A Visual, Intuitive Guide to Imaginary Numbers

Hi Alonzo, happy to comment. I think you’re on the right track: we started with very basic interactions (addition), came up with a concept for repeats of this interaction (multiplication as repeated addition), and realized this more complex interaction could have other properties of its own (scaling). I think the true mechanisms of multiplication probably dawned on people over time (like genetics; previously it was the “bloodline”, where tall people had tall children, and we later realized it wasn’t the blood so much as the DNA inside which determined hereditary traits… we got more specific and nuanced in our understanding).

Looking back, we can now see that multiplication is a more advanced interaction which seems to transfer properties (like dimensions! inches x inches = square inches) whereas addition does not (inches + inches = inches). So, I think your story seems to make sense – humanity has had a gradual unfolding / clarification in the meaning of math.

Thanks Reza, glad you enjoyed it.

@Justaguy: Thanks.

@Alonzo: No problem, happy to help

1. (1 + i) is a 45 degree angle because it’s equal parts real and imaginary, similar to how a NE (northeast) trajectory is at a 45-degree angle because it’s equal parts North and East.

Think of “i” as an indication of direction – we’re used to most numbers being on a single dimension, but “i” is an indication that a number is in this new direction. Confusingly, i is often written by itself (instead of 1i) so it gets mixed in. The magnitudes being the same is similar to “1 mile East is the same distance from me as 1 mile North”, i.e., both are a single mile away. Similarly, 1 and 1i are both “1 unit” away from 0, but in separate directions. This is what the magnitude is meant to measure: how far are you from zero?

Yep, it’s best to think of “i” as a type of symbol indicating direction [similar to a negative sign], and in many cases you’ll see numbers written as “a + bi” (i.e., the number is a in the East direction, and b in the North direction).

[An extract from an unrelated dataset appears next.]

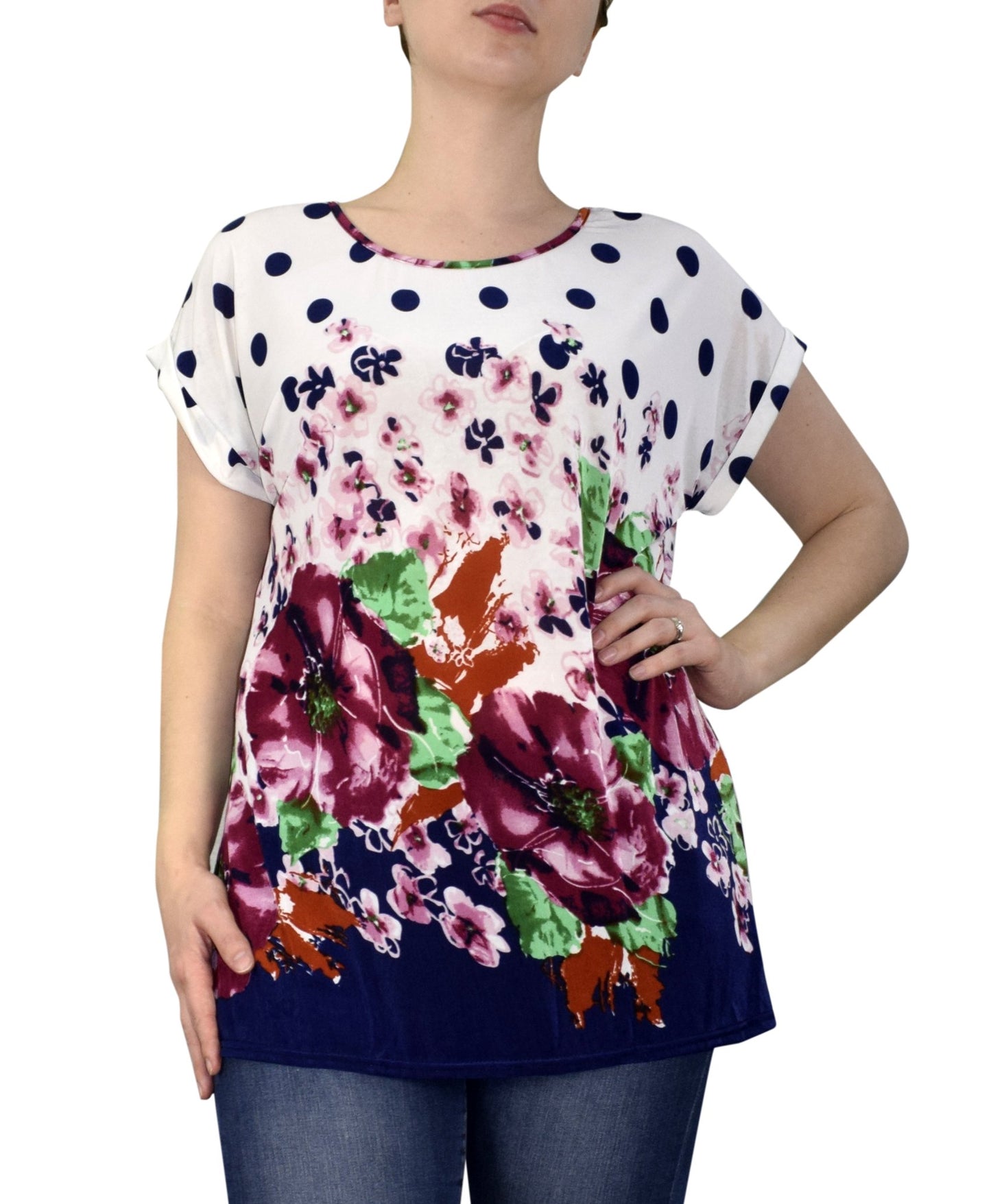 Wholesale Bulk Lot: Boho Floral Print Summer Casual Tops Navy Large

Because we’re sloppy sometimes, we might just write 3i instead of (0 + 3i) to indicate 3 units only in the i direction (i.e. 3 units in the North direction).

2. I should have clarified: when I wrote “Multiplications can do two things: scale (change the size) or rotate (change the orientation).” I meant that multiplication can do one, the other, or both :).

• “times 3” means scale up by 3
• “times negative 1” means rotate 180 degrees (if you were going forward, go backwards)
• “times negative 3” means rotate 180 degrees AND scale up (if you were going forwards 20mph, go backwards at 60mph).

Imaginary numbers give us a new type of rotation: we can rotate “partway” (i.e. 90 degrees, not the full 180), and we can still scale, so there is some complex number which is “double your speed and rotate 90 degrees counter-clockwise”. (In this case, rotating 90 degrees counter-clockwise is “times i” and doubling your speed is “times 2”, so “times 2i” would have both effects).

You raise a very, very good question about multiplication. I think we’re still discovering what multiplication in it’s purest form is, just like we uncovered what “numbers” really were. We started out thinking numbers were things you could count (fingers, pebbles) and then realized “Hey, there are halfway numbers, like fractions!”. So we had 1/2, 1/3, etc. Then we realized there are certain numbers that are partway but are not fractions (like sqrt(2)) and we got the real numbers (some sequence of decimals). Then we realized that numbers could be negative (why can’t they be less than zero) or complex (why are they stuck in one dimension?).

Each time we discovered new numbers, the meaning of multiplication expanded a bit. With pebbles, multiplication might mean repeated addition. With real numbers (like 13.45 hours * 54.12 miles per hour) we might think of “scaling” or similar (vs. repeated counting). With negatives and complex numbers, because they move in different directions, multiplication implies motion in that new direction to.

To me, the essence of multiplication is “applying” one number to another. When you apply a number, you transfer its properties to the result. So multiplying by a negative number gives the “negativeness” to the other number. Multiplying by a complex / imaginary number gives the “rotation-ness” to the result. Multiplying by a large number gives the “largeness” to the result. Without getting too cute, the essence of multiplication is how to apply the “essence” of one number to another. Hope this helps!

Hello Kalid. Over the weekend, I gave some thought to what you wrote in your last post and I would like to see whether my understanding is on the right track. The following is a story I am trying to put together in my head by collection various pieces of information (I am sure there are gaps):

It sounds like the Addition (along with Subtraction) of objects represents one of the most natural concepts to humans. Mathematics provided a formal definition for Addition (perhaps there were multiple definitions) to capture this natural observation and - from there- realized inherent properties and conclusions based on these definitions (and it was useful). But at some point, someone decided to define a more complex operation on objects, yet - it still had addition at its core. In the early days, the complex extension was in the form of repeated addition, thus we have the early definition of the term multiplication - and it was useful. However, overtime folks realized different forms/definitions of complex operations that also had addition at it’s core - and they were also useful. Because these operations seemed to share an enhanced complexity involving addition - they were also called Multiplication. Of course, based on the various definition, we would get various inherent properties and interpretations (though some were shared among the different definitions)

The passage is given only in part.